Immigration Minister Lianne Dalziel says a work permit self-certification scheme that has been running in Auckland is now being rolled out nationally.
And to help immigrants already here, the Auckland Chamber of Commerce is to develop a database to match immigrant skills with job vacancies.
The moves follow the government planning to attract another 10,000 skilled workers into New Zealand to ease skills shortages.
Dalziel says there are now certain job categories where the “labour market test” does not apply. Previously, firms had to advertise posts to prove to immigration that there were no New Zealanders available to do them, before work permits could be granted to foreigners. Now a list of occupations and classes are updated every three months showing exemptions to the test.
The list presently includes IT workers and health specialists throughout New Zealand, boat builders in Auckland and South Island dairy workers.
“This should be a significant benefit to the IT industry. It will speed up decision times, which is good for business,” the minister told Computerworld.
The government is also working with the Information Technology Association, Industry New Zealand and employers to attract the right kind of immigrants, she says.

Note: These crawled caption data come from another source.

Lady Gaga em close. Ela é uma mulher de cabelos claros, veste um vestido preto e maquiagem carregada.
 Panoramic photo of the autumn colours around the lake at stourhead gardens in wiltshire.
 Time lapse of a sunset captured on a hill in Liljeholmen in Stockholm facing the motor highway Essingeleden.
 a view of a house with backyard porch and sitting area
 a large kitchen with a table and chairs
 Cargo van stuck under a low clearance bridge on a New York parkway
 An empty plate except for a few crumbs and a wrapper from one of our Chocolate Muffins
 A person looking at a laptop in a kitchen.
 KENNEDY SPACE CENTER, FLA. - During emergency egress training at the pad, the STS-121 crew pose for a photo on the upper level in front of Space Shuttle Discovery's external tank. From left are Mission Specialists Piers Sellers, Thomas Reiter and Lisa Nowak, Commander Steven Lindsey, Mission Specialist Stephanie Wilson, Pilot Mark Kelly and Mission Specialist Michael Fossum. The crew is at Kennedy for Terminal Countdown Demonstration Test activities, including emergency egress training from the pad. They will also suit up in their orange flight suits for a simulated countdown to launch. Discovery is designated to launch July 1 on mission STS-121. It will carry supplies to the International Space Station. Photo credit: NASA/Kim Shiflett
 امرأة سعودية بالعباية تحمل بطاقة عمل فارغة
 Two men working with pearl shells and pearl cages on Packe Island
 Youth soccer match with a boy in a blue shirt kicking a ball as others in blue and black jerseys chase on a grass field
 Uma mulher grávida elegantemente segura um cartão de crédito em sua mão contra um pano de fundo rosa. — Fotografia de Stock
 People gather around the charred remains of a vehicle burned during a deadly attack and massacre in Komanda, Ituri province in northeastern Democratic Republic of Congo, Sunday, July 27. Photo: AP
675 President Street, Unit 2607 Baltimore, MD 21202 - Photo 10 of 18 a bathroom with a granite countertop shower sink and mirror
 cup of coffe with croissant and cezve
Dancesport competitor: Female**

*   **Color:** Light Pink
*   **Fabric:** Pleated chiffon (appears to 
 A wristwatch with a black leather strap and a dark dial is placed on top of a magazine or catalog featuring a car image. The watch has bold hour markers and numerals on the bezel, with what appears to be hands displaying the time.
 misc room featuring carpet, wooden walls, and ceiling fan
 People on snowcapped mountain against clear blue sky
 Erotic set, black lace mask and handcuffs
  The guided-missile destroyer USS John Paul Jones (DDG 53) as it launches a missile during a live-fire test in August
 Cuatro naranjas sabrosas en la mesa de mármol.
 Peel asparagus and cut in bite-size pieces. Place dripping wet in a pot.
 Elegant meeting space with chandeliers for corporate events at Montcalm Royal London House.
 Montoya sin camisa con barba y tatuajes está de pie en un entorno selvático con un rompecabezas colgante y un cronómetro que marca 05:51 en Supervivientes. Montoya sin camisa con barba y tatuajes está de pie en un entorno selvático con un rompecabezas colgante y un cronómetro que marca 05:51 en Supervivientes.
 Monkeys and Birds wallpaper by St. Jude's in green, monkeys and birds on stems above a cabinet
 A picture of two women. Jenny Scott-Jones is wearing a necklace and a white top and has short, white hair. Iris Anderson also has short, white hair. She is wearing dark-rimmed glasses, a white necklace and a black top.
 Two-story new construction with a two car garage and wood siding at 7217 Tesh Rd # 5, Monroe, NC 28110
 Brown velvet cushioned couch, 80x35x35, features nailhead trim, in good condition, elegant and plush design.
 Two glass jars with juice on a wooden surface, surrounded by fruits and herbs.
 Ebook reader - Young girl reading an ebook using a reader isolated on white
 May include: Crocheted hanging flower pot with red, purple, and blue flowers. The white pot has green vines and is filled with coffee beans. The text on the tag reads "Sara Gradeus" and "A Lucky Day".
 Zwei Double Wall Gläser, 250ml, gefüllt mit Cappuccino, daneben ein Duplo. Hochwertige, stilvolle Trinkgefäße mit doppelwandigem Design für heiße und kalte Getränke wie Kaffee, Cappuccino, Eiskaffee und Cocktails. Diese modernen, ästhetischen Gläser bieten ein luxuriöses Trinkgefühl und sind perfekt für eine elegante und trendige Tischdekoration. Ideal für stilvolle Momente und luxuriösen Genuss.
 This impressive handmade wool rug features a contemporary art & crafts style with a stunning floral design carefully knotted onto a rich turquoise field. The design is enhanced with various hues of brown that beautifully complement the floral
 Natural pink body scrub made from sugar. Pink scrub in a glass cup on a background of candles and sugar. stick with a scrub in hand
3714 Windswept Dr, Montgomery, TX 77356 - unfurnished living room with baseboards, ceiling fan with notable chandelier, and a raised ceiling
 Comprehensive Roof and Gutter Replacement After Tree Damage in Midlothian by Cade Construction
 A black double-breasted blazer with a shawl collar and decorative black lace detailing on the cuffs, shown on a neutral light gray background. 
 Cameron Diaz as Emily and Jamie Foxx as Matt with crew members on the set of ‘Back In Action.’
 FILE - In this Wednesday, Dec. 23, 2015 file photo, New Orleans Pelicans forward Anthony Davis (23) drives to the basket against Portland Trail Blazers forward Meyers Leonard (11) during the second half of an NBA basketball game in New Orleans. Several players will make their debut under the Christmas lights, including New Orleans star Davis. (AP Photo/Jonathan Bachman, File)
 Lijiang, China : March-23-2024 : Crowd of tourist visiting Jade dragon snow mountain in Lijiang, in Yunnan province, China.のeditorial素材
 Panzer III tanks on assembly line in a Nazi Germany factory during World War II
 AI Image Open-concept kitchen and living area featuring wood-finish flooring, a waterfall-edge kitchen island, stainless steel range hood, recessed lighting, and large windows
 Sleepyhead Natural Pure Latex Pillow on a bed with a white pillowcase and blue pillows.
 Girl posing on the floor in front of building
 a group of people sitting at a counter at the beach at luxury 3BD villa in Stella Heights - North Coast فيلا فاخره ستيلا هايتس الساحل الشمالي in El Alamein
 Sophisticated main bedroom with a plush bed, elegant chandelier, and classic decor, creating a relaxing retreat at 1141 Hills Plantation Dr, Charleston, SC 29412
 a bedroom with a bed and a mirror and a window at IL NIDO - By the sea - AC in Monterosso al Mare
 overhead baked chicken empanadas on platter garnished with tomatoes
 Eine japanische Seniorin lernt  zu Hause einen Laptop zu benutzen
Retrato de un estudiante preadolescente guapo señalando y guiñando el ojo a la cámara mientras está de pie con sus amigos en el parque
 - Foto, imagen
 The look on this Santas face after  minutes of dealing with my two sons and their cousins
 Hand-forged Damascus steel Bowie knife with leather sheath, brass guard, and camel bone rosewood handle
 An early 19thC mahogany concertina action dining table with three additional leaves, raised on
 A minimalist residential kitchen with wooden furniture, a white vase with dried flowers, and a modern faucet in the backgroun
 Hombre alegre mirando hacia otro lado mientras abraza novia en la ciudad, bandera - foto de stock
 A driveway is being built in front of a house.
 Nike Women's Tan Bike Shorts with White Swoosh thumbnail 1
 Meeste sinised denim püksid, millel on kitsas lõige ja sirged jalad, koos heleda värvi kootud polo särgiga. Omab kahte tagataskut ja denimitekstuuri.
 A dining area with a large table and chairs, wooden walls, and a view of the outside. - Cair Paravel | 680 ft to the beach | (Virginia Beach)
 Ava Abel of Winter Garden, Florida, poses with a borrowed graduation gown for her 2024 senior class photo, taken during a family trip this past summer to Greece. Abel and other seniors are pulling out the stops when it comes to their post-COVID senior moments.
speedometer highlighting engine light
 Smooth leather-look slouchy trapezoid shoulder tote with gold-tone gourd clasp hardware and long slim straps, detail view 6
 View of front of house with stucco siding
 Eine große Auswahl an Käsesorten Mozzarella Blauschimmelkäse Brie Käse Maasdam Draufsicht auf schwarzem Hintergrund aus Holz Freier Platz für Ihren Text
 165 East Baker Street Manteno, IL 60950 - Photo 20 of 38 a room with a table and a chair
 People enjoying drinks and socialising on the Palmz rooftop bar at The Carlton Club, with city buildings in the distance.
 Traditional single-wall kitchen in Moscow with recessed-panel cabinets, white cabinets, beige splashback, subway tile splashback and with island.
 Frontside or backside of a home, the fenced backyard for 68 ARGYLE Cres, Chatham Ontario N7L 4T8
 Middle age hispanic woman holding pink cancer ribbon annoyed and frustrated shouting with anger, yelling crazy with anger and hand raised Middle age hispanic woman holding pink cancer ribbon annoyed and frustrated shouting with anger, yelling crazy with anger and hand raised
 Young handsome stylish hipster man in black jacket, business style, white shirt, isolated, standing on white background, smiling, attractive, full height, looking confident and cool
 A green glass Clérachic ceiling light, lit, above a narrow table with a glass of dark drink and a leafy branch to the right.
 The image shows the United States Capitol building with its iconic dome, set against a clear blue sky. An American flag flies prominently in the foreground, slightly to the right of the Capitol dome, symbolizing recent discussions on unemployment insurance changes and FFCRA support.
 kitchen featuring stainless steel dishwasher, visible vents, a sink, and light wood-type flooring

Roadshows in countries like India were already seeing people move here and the government would show closer interest in matching immigrant skills with available jobs. Pilot schemes to help immigrants settle are also underway.
Dalziel says people have to realise New Zealand is in a global market, which is why some immigration is necessary. However, immigration was only a short-term solution to skills shortages, she says. Long term, employers and the government have to increase training.
The government already has initiatives to boost education. Modern apprenticeships have been introduced and Education Minister Steve Maharey is pledging better careers advice, so young people know better where the jobs are, she says.
Auckland Chamber of Commerce chief executive Michael Barnett says he plans to launch a database of migrant skills and job vacancies in March, covering IT and other sectors.
Migrants would register themselves, including by internet, and the chamber would print the job skills available to the marketplace. “There would also be business networking and related support for people to start their own businesses,” he says.
Barnett also welcomed the end of the labour market test for certain skills, saying it would gives businesses more flexibility in recruiting scarce workers.